*** Opening Supplied material ***

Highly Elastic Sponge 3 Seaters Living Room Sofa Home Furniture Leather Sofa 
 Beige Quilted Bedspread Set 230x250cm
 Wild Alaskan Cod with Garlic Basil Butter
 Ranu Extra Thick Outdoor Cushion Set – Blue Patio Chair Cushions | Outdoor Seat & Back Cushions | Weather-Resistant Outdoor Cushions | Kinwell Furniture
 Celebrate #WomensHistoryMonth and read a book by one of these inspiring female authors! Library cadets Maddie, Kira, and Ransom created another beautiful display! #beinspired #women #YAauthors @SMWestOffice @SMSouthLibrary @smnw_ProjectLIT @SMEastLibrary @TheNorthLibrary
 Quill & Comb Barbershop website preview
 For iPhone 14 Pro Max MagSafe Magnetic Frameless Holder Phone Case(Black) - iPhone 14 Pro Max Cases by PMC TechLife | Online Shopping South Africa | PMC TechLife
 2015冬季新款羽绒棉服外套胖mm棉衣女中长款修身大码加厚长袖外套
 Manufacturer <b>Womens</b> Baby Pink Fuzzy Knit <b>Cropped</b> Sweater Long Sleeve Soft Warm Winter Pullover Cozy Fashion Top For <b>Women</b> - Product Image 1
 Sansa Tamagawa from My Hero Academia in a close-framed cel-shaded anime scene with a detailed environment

*** Closing Supplied material ***

• _Problem details_: Look through the entries above and find each line where the word "Furniture" occurs; copy those lines.

• _Exercise solution_:
Highly Elastic Sponge 3 Seaters Living Room Sofa Home Furniture Leather Sofa 
 Ranu Extra Thick Outdoor Cushion Set – Blue Patio Chair Cushions | Outdoor Seat & Back Cushions | Weather-Resistant Outdoor Cushions | Kinwell Furniture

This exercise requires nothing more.